A bell rings in the courtyard. Servants rush to the feast like the sweep of wind. Women’s laughter spills on the night air, unmarred by grief or care.
“You can find Polodos at the Least-Hill Inn by the West Harbor,” he adds. He cocks his head as we both hear a noise at the closed doors.
“Open up at once. General Esladas must see me immediately.”
I would know Lord Gargaron’s voice anywhere.
25
I pull my mask down over my face. The tray is in my hands before the door opens. Father remains at the window.
With bowed head I step out of the way as Lord Gargaron strides in. He cannot be bothered to glance at a masked servant. All his attention is reserved for the man he has elevated. His disapproval clouds the room.
“General Esladas, I thought you would be downstairs already. The procession is gathering.”
Father flips his sleeves, then smooths them. “My apologies, my lord. I am not yet accustomed to the formal manners of a palace and the stately customs by which every nightly meal is embarked upon.” No agitation mars his tone or manner.
Lord Gargaron’s frown lifts as he joins Father at the window. “It is just as well you’ve lingered here because there is a small matter I wish to speak of while we still have privacy.”
“My lord.” Father inclines his head obediently.
Lord Gargaron leans out to examine the courtyard, then steps back as if fearing arrows will pierce him from out of the night. “On the road, it is likely you will be joined by your wife’s brother.”
“Likely? Is there some doubt of it?”
“His grandmother insists he be given one final chance to prove he can make something of himself running the Fives, even though I am altogether opposed. Still, I have given my word to allow him a last trial. If he can win at your victory games, he may devote himself to the Fives. If he loses I will finally be allowed to send him into the army as has been my intention all along.”
He rubs a cheek with a finger, as if rubbing a gloating smile off his lips.

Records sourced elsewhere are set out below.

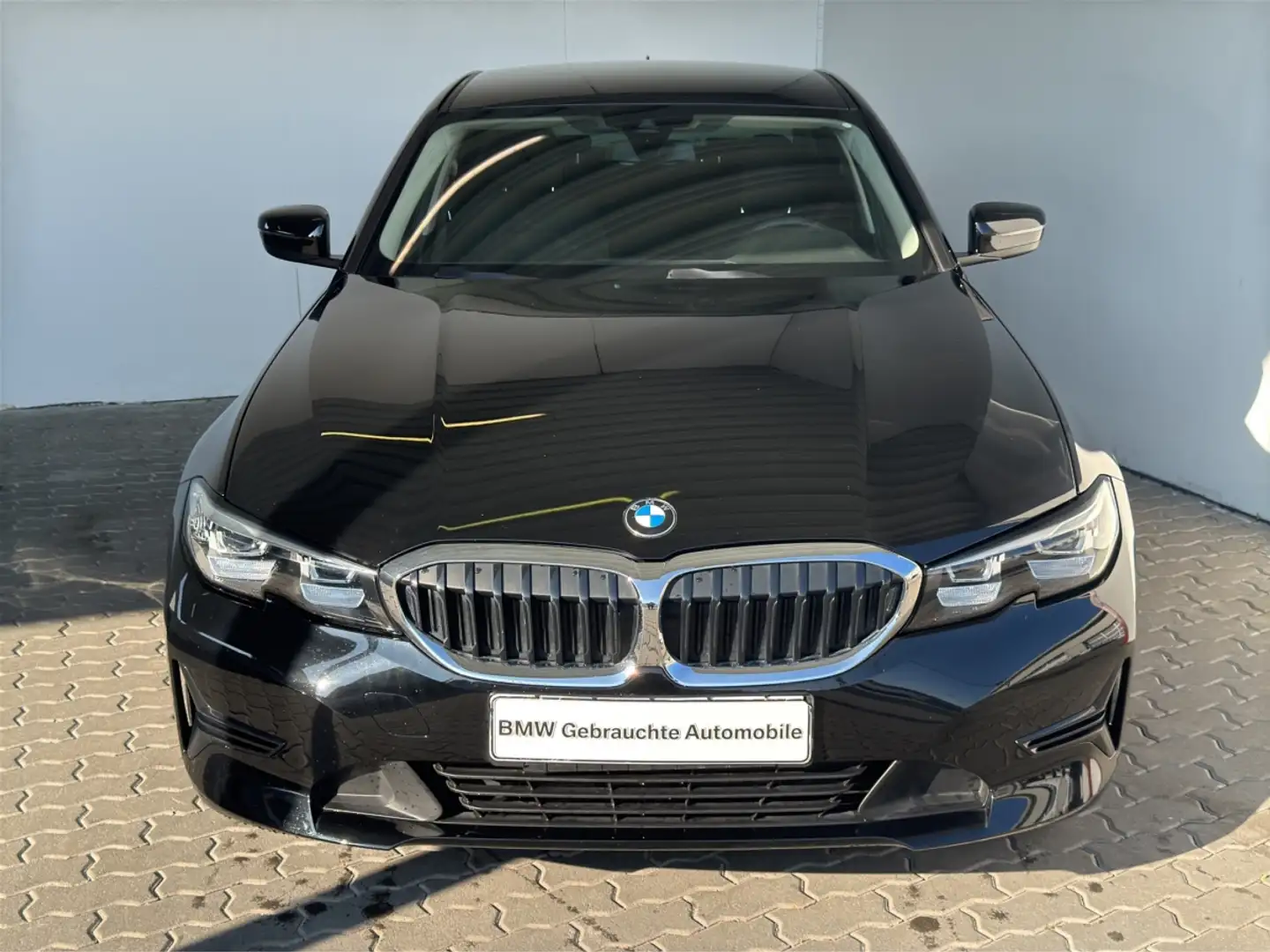 BMW 318 iA Limousine Navi.LED.WLAN.Sitzheiz.AppleCar Negro - 1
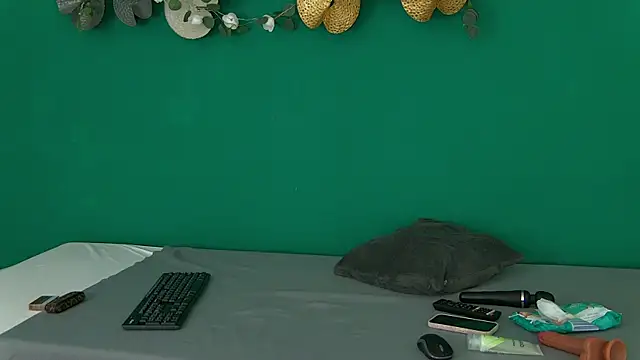 Snapshot of RoxanneJoy chatting on 1, 6, 2026 RoxanneJoy online show from 1, 6, 2026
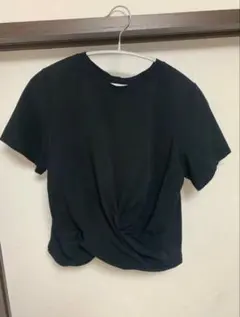 emmi フロントツイスト 半袖Tシャツ ブラックのサムネイル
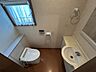 室内：【現況販売】2階トイレです。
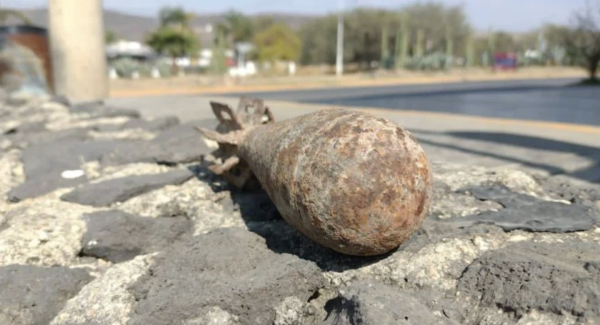 Mujer trata de vender un misil mortero y provoca la intervención del escuadrón antibombas en Guanajuato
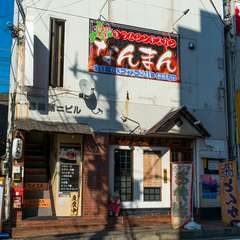 焼肉を注文せず、ショットでお酒を飲むだけでも歓迎してくれる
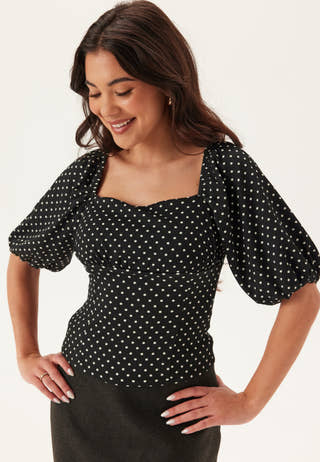 Volume Sleeve Top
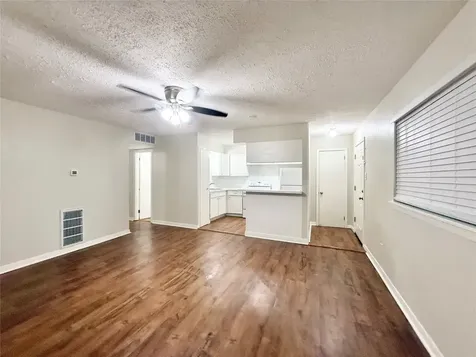 201 S Kaysie Street 17 Angleton TX 77515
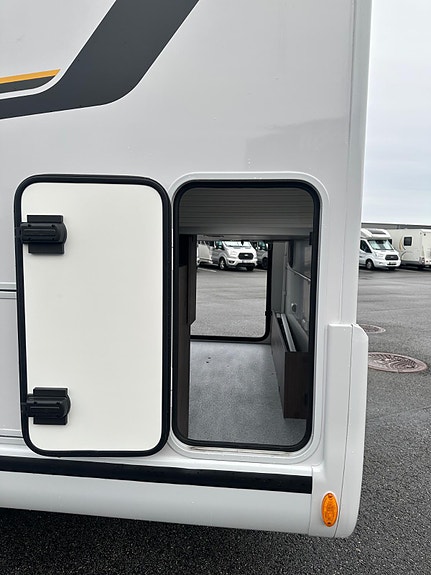 Benimar Tessoro 497 Del-skinn / 180 HK / 8 - trinn automat 8 of 30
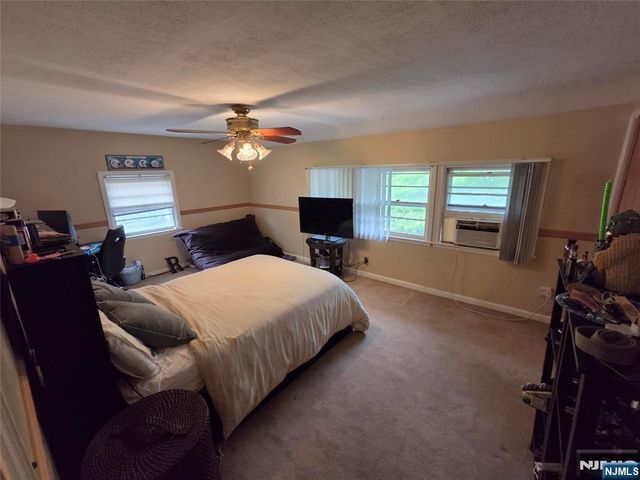 10 A Douglas Street Unit A, Waldwick, NJ 07463
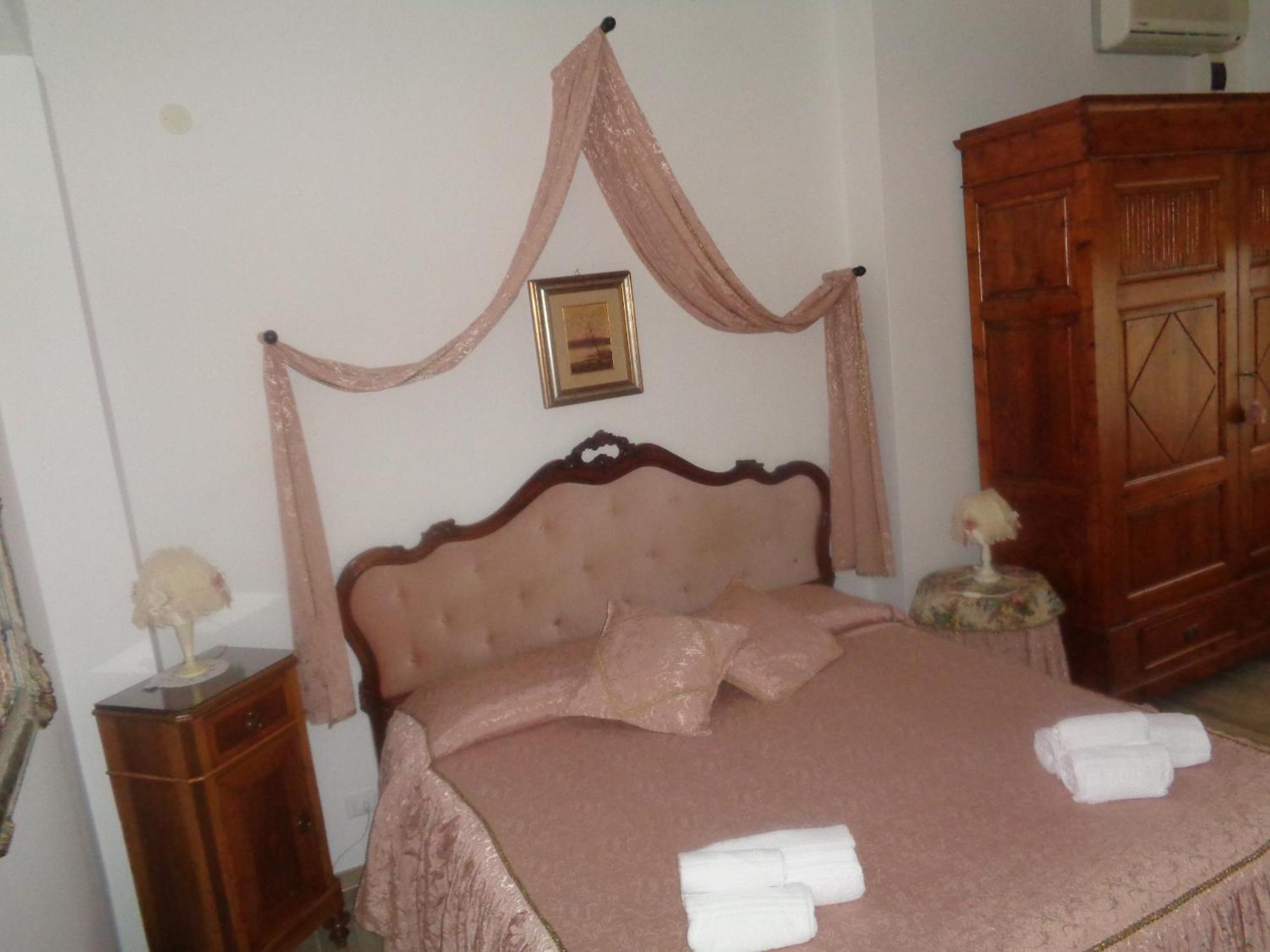 Hotel Rosati 키우시 외부 사진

“My lord.” The acknowledgment offers nothing and betrays nothing.
“I expect you to keep him close. Let him see how a campaign is run. Give him a chance to prove himself in protected circumstances, with you making the important decisions. Above all else, keep him safe.”
&n
bsp; “What manner of temperament may I expect to be dealing with, my lord?” Father asks with the patience of a man who has overseen any number of hapless lordly whelps sent out to endure their first and possibly only campaigns.

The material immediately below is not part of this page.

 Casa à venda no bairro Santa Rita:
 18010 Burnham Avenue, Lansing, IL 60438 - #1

“He’s a smart boy but naïve. He needs seasoning and experience. The one thing you must cure him of is that he wants people to like him. He is inappropriately friendly toward those who are not of his station. He believes he can rescue forlorn wretches. He has a bad habit of doing favors for people to win their approval.”

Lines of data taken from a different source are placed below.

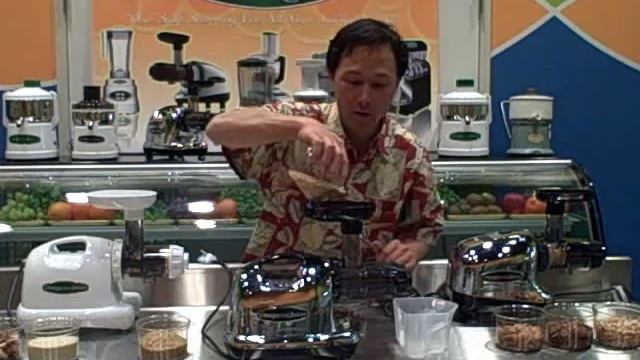 Does the Omega 8006 make nut butter from nuts/seeds and flour from grains? смотреть онлайн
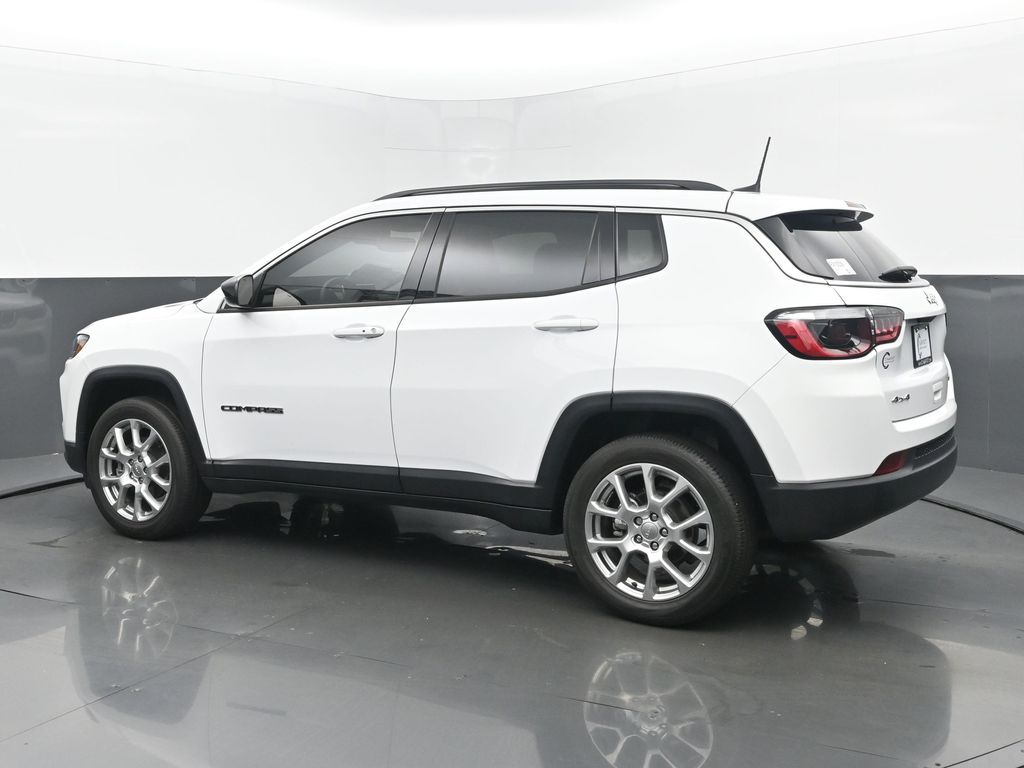 2022 Jeep Compass Latitude Lux photo 3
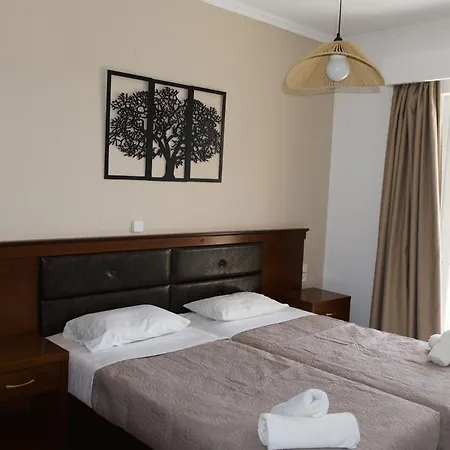 Amoudi Studios Apartments Hotel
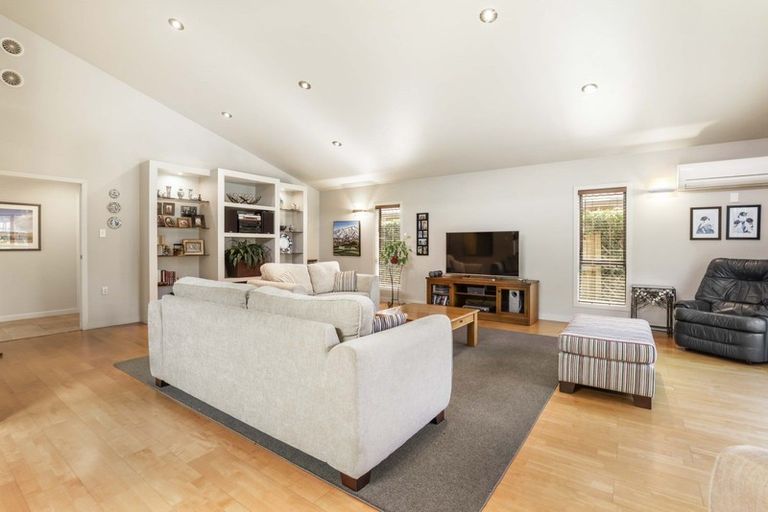 Photo of property in 7 Lansbury Court, Rototuna North, Hamilton, 3210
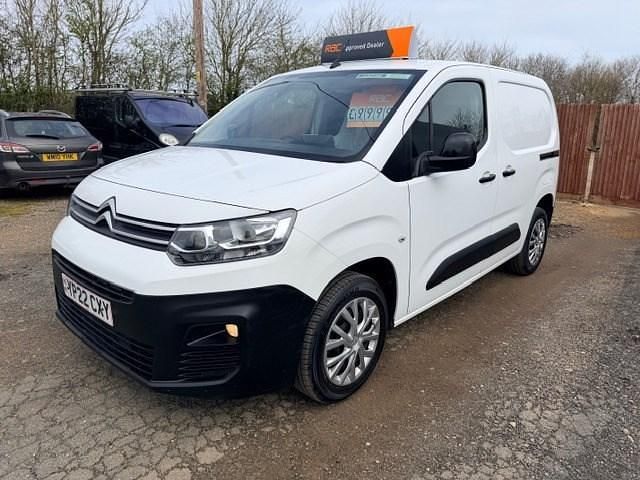 Used Citroën Berlingo 100 HP (73 kW) 2022 White MPV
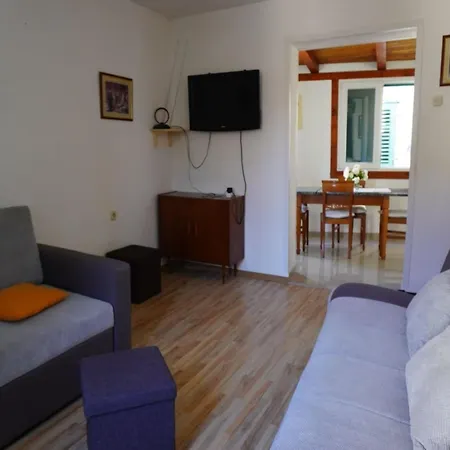 Charming Multi-level House With Sea View In Kastel Stari * Kastela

Father is far too disciplined to glance my way but the twitch of his shoulders and the cant of his body betrays that he is abruptly wondering how I got here and who might have helped me.
“Cleanse him of that desire for camaraderie, if you can. But above all, I need him back sound in mind and whole in body. A few brave injuries would not go amiss to mark him as a good soldier. Your fortune will rise with his, I promise you.”
I rock back a step to catch myself.
“My gracious lady wife speaks little of her brother,” Father remarks. “I am not sure she has mentioned him even once within my hearing.”
“Though close in age, they are not much alike.” Lord Gargaron looks around to see me standing like a statue by the door. He flutters a hand. “Out! These creatures! Too stupid to take initiative.”
Father’s gaze flicks toward me, then back to his lord. “Good soldiers undertake their duty and accomplish all that they have been ordered to do,” he says as I depart.
The words are meant for me.
My head is buzzing. The stone steps slip away, like they are falling farther and farther from my feet, and by the time I reach the bottom I am halfway to flying. Only my trained reflexes keep me from slamming into one of the guards.
“Slow down!” he barks.
Panting, I duck my head and slide away at a more measured pace although my heart stumbles.